Pero el otro ya se había metido bajo el chasis ladeado y sermoneaba con ojos de

poseído. Pedía perdón para mi padre y el infierno para el Zorzal. La lluvia le achataba el

sombrero y el tic le hacía bailotear el bigote por toda la cara. Yo no sabía qué decir mientras

mi viejo me estrechaba entre sus brazos y me decía, con voz de ruego, que él siempre hablaba

la verdad, que nunca le había mentido a nadie y que yo tenía que seguir su ejemplo. "¡Oh,

Jesús de la tormenta!" —gritaba el pastor—. "¡Jesús de los desiertos, rey del universo", y

condenaba a Gardel a los terremotos de Sodoma y Gomorra. Entonces un trueno terrible

sacudió las alturas y a mí me pareció que entre los grises de las nubes se dibujaba un Carlitos

apesadumbrado y de anteojos que silbaba mientras leía aquella servilleta manchada de rouge.

Con el tiempo he vuelto a imaginarlo así, de espaldas a su inmenso destino de padre celestial.

Sentado en calzoncillos en un cuarto de hotel, con la barriga tan blanca como la de mi viejo,

plegando las patillas de los anteojos, rasgando trabajosamente la guitarra.

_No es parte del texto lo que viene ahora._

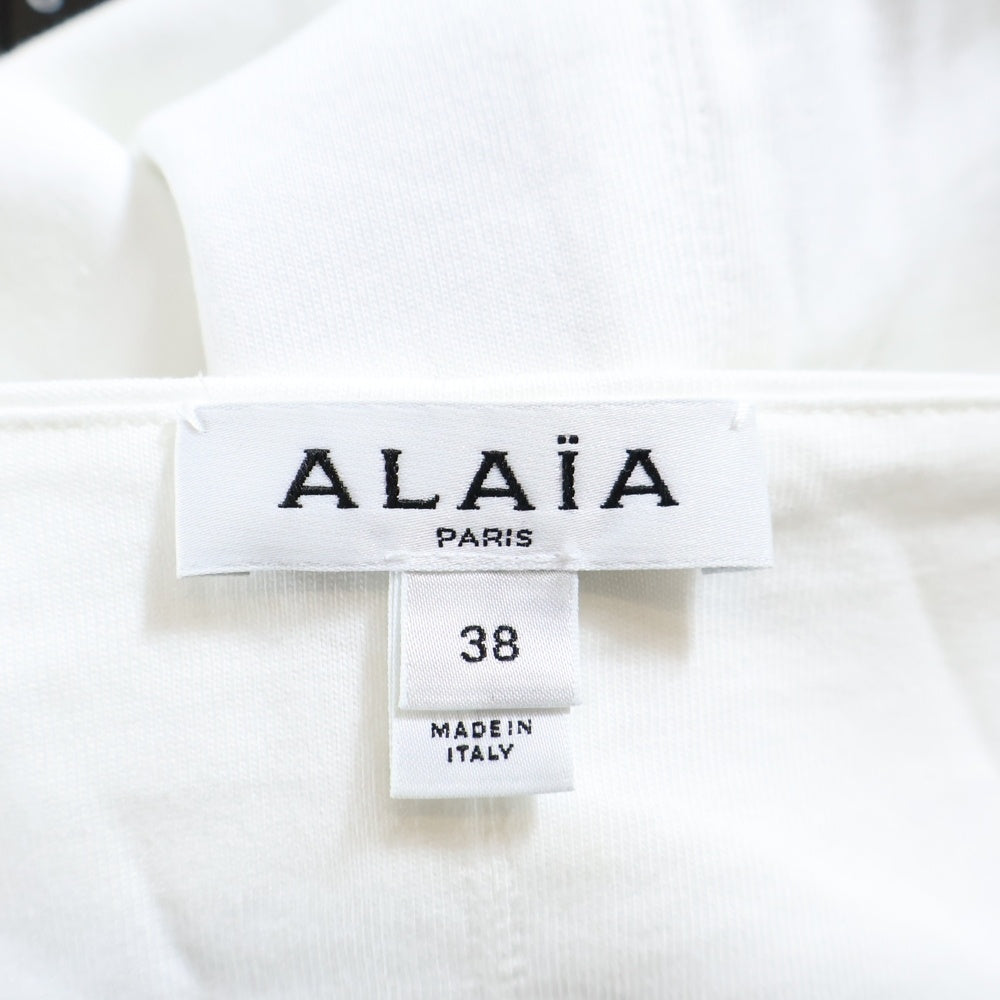 ALAIA(アライア) ウエストストラップ ロゴクロップトップ レディース ホワイト AA9H04084J010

Pero aquel día el predicador se ensañó con Gardel para que yo lo imaginara tan torvo,

ambiguo y tramposo como cualquier ventajero de pacotilla. Le dije a mi padre que yo le creía

a él y dejamos que el pastor se extenuara nombrando los tangos que no hizo y las mujeres que

no tuvo. Al anochecer se quedó dormido con la nariz fruncida y nosotros nos acurrucamos al lado a esperar que parara el diluvio. Mi padre le abrió el maletín y entre unos folletos de

profecías impresos a mimeógrafo encontró una partitura de Cuesta abajo. Al margen, con letra

temblorosa, el predicador había anotado como una dedicatoria: "Querido mío, esto lo hice yo

para que vos fueras famoso".

—No entiendo —dije, y de verdad no entendía.

—Es jodida la envidia —murmuró mi padre—. ¡Silbaba tan lindo el hijo de puta!

—¿Silbaba cosas de él?

—De nosotros. De aquel tiempo cuando me dieron una paliza y mi novia se fue con

otro.

Cerró el maletín del predicador y se quedó un rato pensativo.

—¡Qué puteada le mandó a Razzano!

—Y vos lo acercaste a su casa.

—En un Pontiac. Se puso los anteojos y me convidó un Camel.

Paró la lluvia y empezaba a hacer frío.

—Papá, ¿van a venir a buscarnos?

—Claro que sí, van a traer comida y cigarrillos —señaló al predicador—; y así como a

Carlitos lo llevaba todo el mundo, éste se va a quedar a pie para toda la vida.